>>>

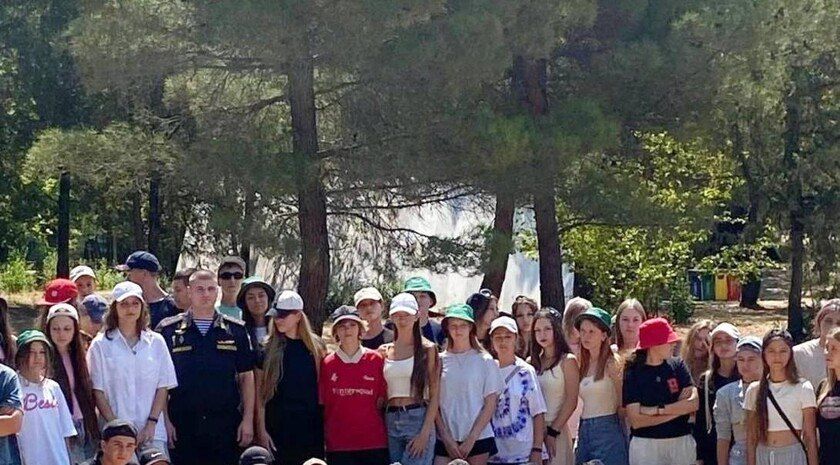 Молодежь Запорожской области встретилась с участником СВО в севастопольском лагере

<<<
>>>

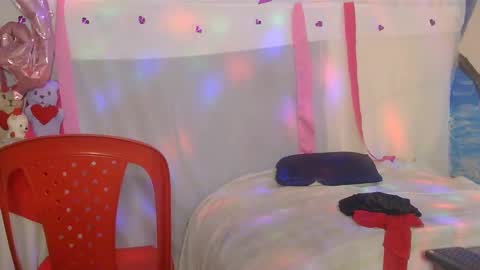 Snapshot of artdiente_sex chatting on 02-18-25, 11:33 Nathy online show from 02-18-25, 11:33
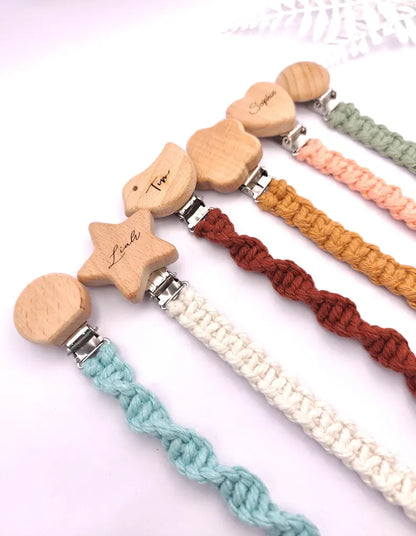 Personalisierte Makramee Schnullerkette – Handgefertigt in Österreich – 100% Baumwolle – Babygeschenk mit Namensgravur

<<<

- _TASK STATEMENT_: Looking above, find the stretch of lines that opens with the one holding "Snapshot of artdiente_sex" and closes with the one holding "Personalisierte Makramee Schnullerkette". Copy it exactly, pictures excluded.

- _THE ANSWER_:
 Snapshot of artdiente_sex chatting on 02-18-25, 11:33 Nathy online show from 02-18-25, 11:33
 Personalisierte Makramee Schnullerkette – Handgefertigt in Österreich – 100% Baumwolle – Babygeschenk mit Namensgravur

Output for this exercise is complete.